La conscience psychologique est souvent évoquée comme une lumière, la conscience morale comme une voix : si la première nous « éclaire », la seconde nous « parle ». La conscience morale désigne en effet le sentiment intérieur d'une norme du bien et du mal qui nous dit comment apprécier la valeur des conduites humaines, qu'il s'agisse des nôtres ou de celles d'autrui.
Conscience morale imposée par la peur de la mort, et la crainte de ne pas accéder à un paradis pour le moins hypothétique. L’obligation morale « s’enracine dans le refus universel de la mort  et de la violence» (Marcel Conche), déviant la notion de sacré vers l’obligation de rites sacrificiels expiatoires et cathartiques.

Art, Amour, Philosophie ne seraient-ils tous que les joyeux palliatifs d’un « juge suprême » nous permettant d’oublier la patiente camarde ! 
La  morale  ne serait-elle  qu’une peur hypocritement maquillée en « vertu? »
L’humanité est la lente métamorphose d’un primate instinctif en humain conscient, mais encore victime de son  « humanimalité.» Le couple a évolué vers le groupe, puis le clan, la tribu, le pays, la communauté de pays. .…
L’homme tend vers l’unification, mais l’universalité exige des relations entre les êtres librement consenties dans le respect des différences.
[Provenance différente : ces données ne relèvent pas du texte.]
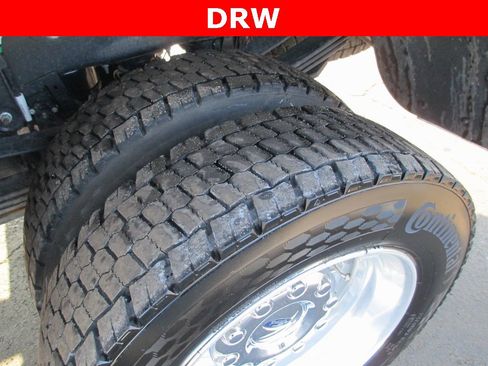 Used 2025 Ford F450 Platinum w/ FX4 Off-Road Package image 13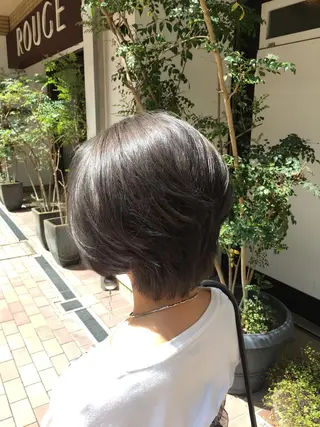ショート カラー hair salon　k2のヘアスタイル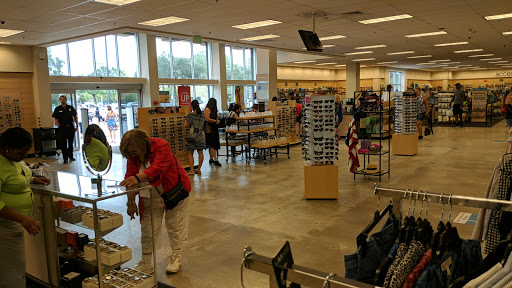 Department Store «Nordstrom Rack in Tampa», reviews and photos, 1702 N Dale Mabry Hwy, Tampa, FL 33607, USA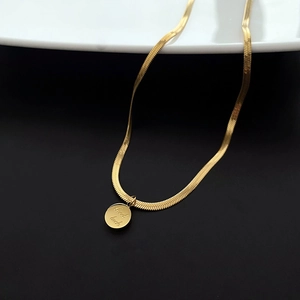 Collier chaîne serpent dorée minimaliste avec pendentif rond gravé Good Luck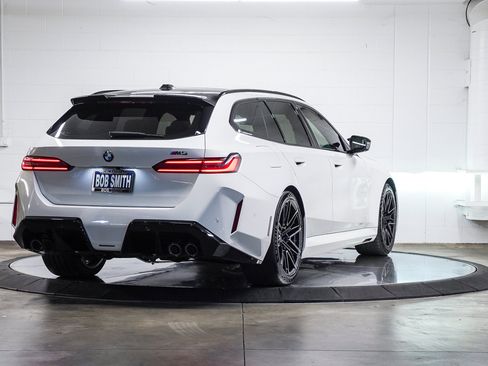 New 2027 BMW M5 Touring AWD/4WD image 6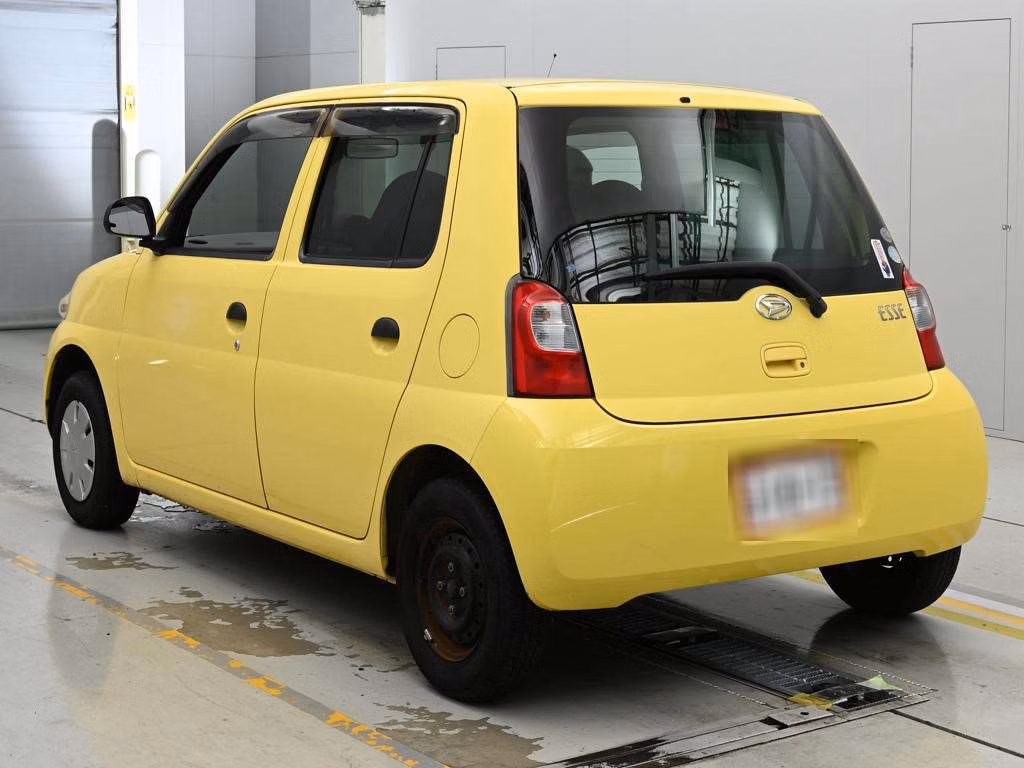 DAIHATSU ESSE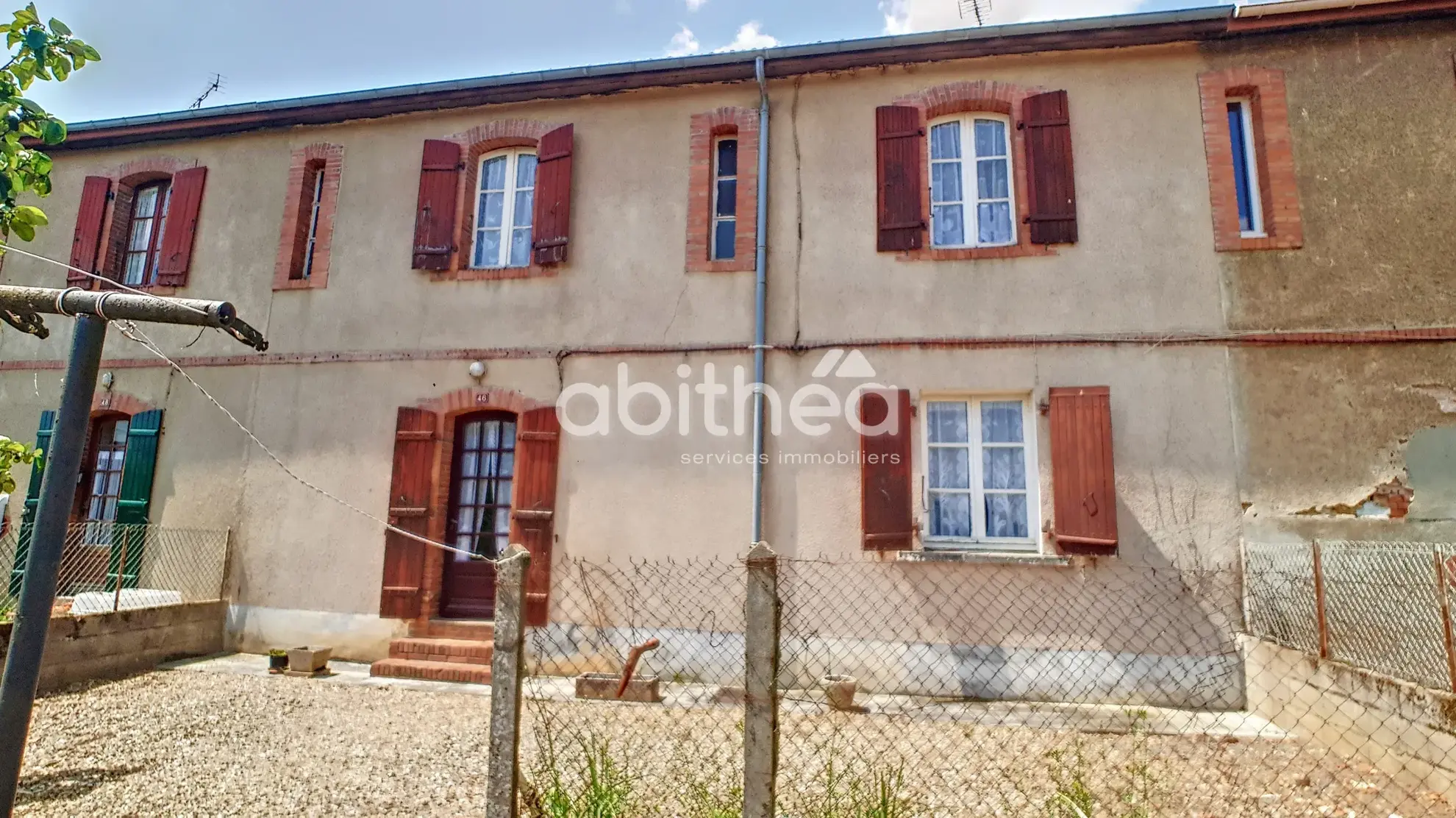 Maison de ville à Roumazieres-Loubert avec 4 chambres 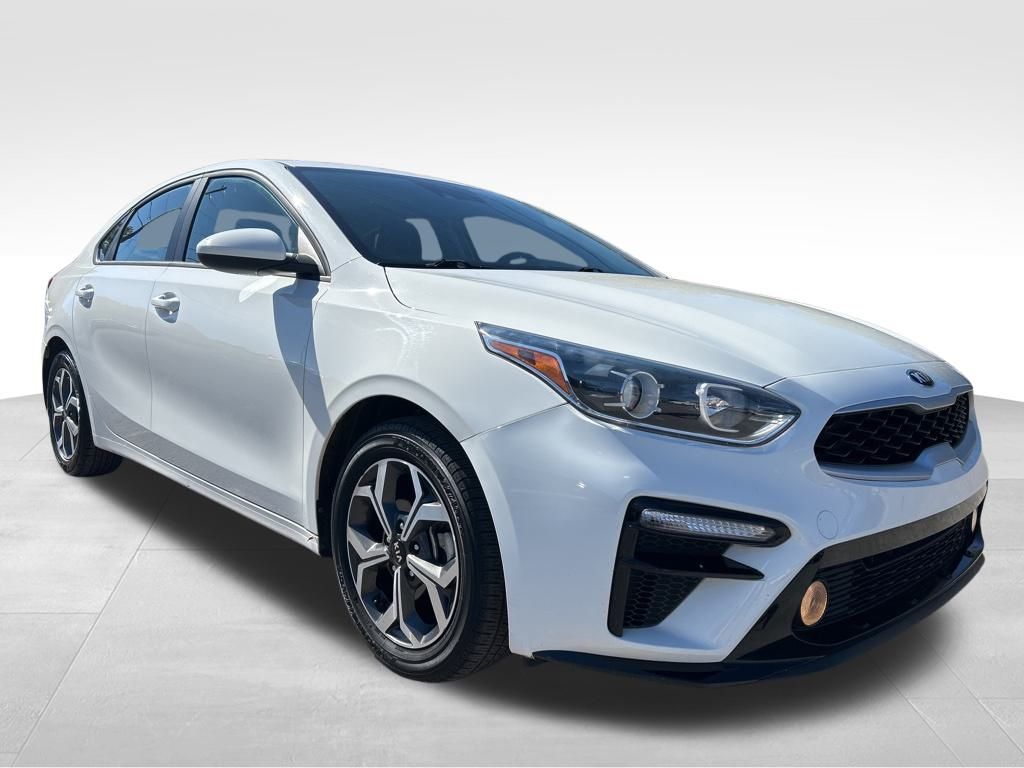 2021 Kia Forte LXS photo 3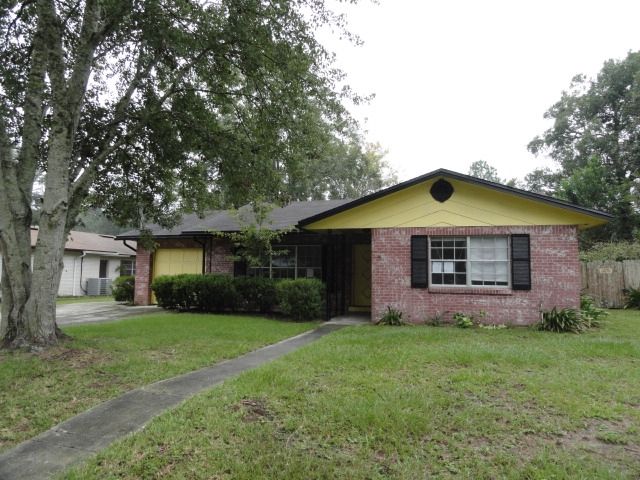 8310 Santman Ct, Jacksonville, FL 32221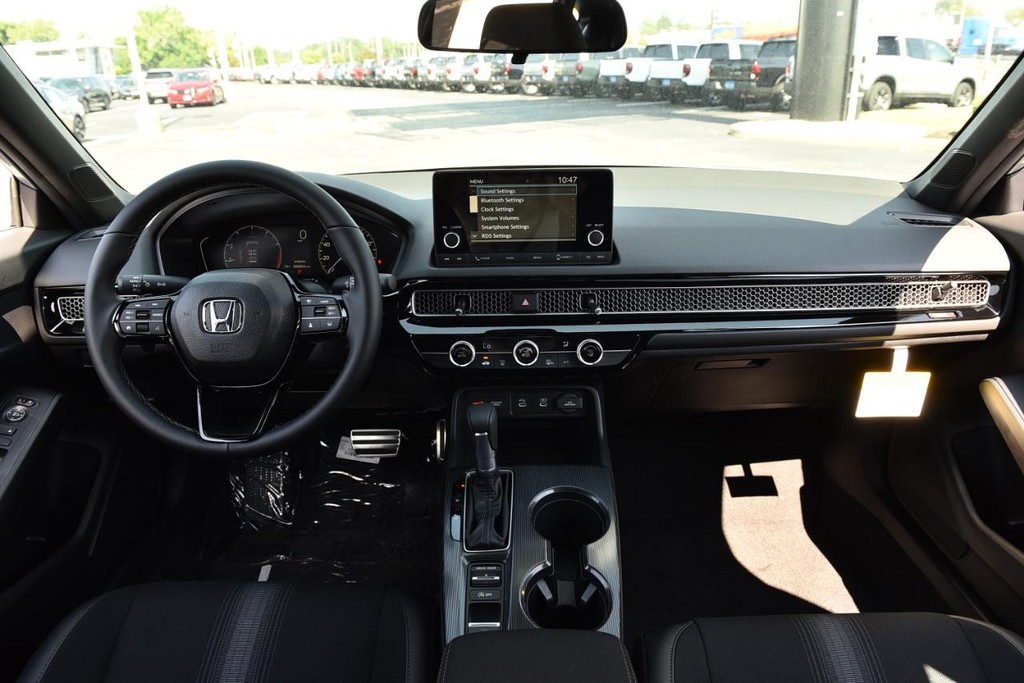 Honda Civic Hatchback Vehicle Image 07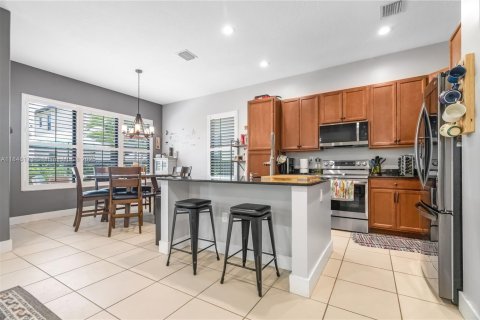 House in Hialeah, Florida 3 bedrooms, 188.13 sq.m. № 1849206 - photo 20
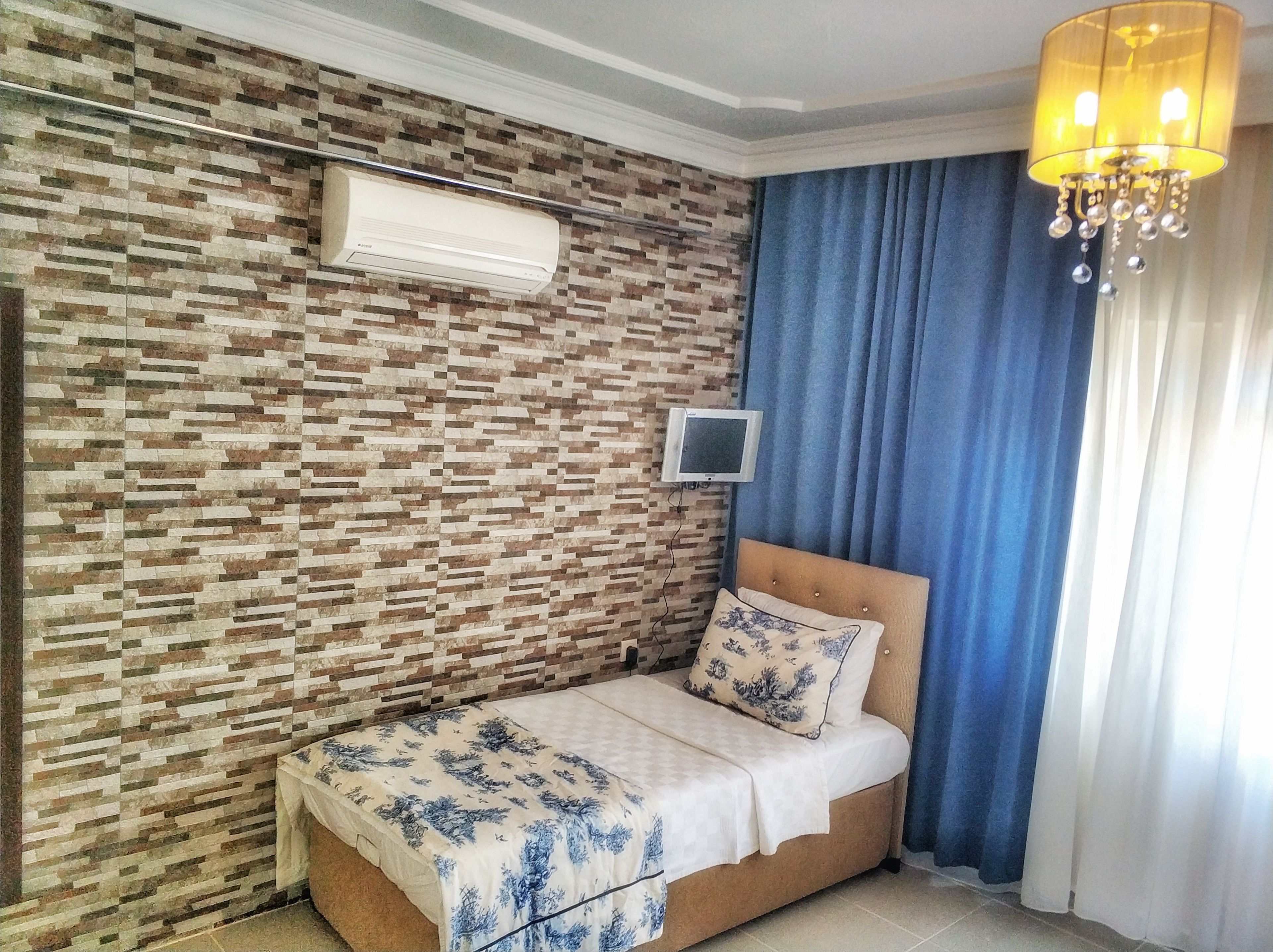 triple room | desk, iron/ironing board, free cots/infant beds, free wifi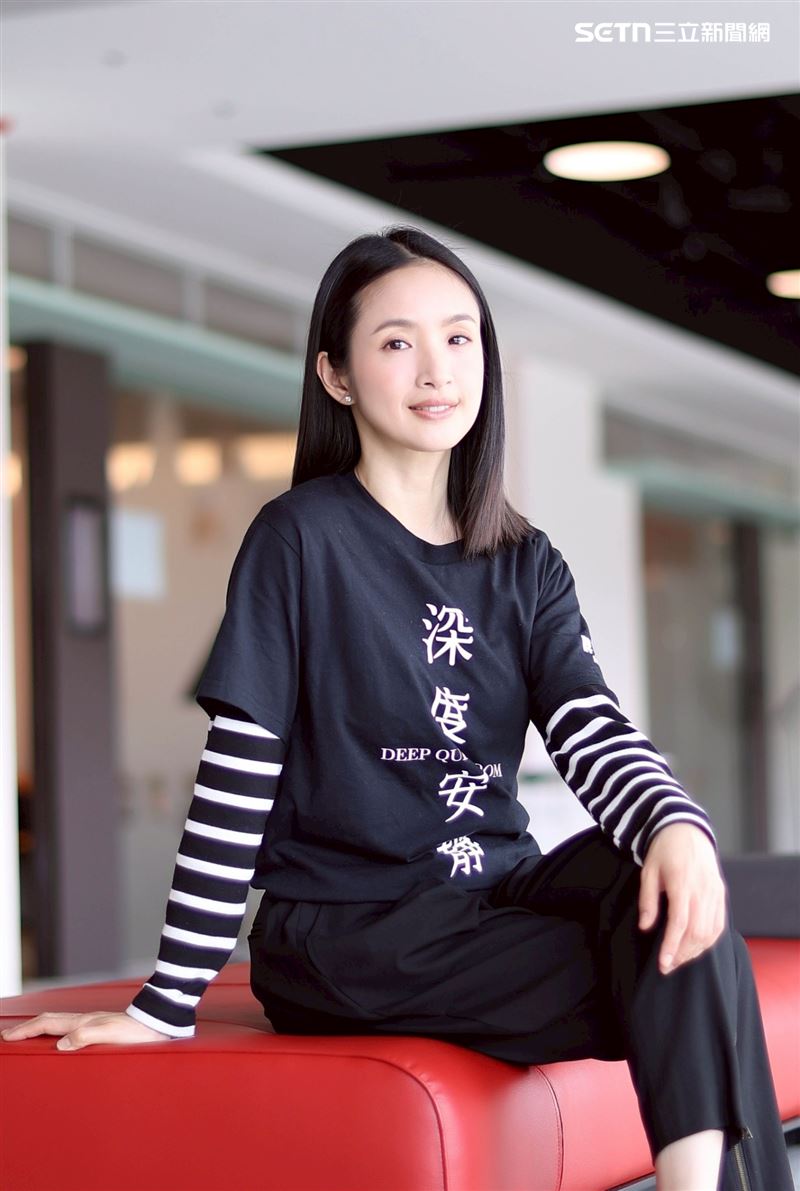 林依晨在片中飾演承受極大心理壓力的孕婦。(圖/記者鄭孟晃攝影)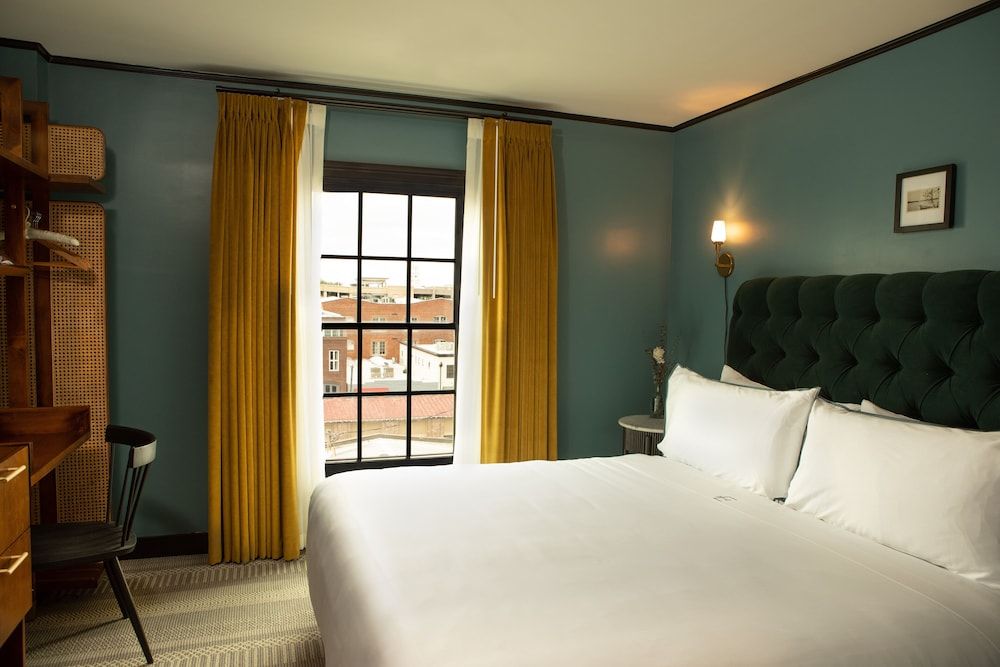 Emeline Room, 1 King Bed (Atelier) 2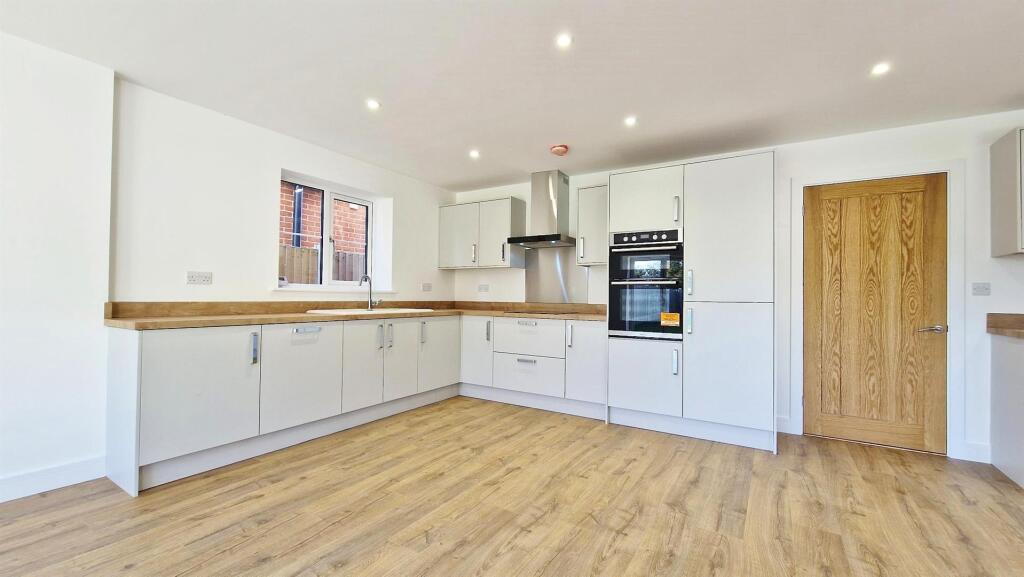 Kitchen/Family Room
Je préfère quant à moi le terme de « pluriversalité, » échange et partage mutuel, dans le dessein de  «rassembler ce qui est épars », étape vers l’universalité espérée.

La morale est l’exigence de se conduire selon le respect ou le refus de certaines valeurs jugées absolues (le Bien et le Mal). . Est moral ce que je m’impose ou ce que je m’interdis par devoir , c’est-à-dire au nom d’une idée de l’humanité et des valeurs morales (le bien et le mal).

Elle énonce des impératifs (commandements et interdictions) qui obligent l’homme — si sa conscience morale les reconnaît légitimes. Cela fait alors le devoir, qui dicte ce qui doit être (valeur, norme, idéal) et qui se distingue de ce qui est (le fait, le donné, la réalité.) La morale nous dit ce qui doit être absolument. Y a-t-il une morale objective et absolue ? Mais peut-il y seulement y avoir des valeurs absolues ?
Un tel scepticisme quant au fondement absolu des valeurs morales conduit certes au relativisme, mais non forcément au nihilisme axiologique (tout se vaut, donc rien ne vaut). Car une valeur, toute relative qu’elle soit (au sujet, à son histoire, à sa culture, etc.), n’en demeure pas moins vécue, par ce même sujet, comme un absolu. En ce sens, toute valeur est paradoxalement un  absolu relatif (un absolu pour nous, et non pas en soi), un absolu subjectif, un absolu pratique, objet non de la raison mais de la volonté .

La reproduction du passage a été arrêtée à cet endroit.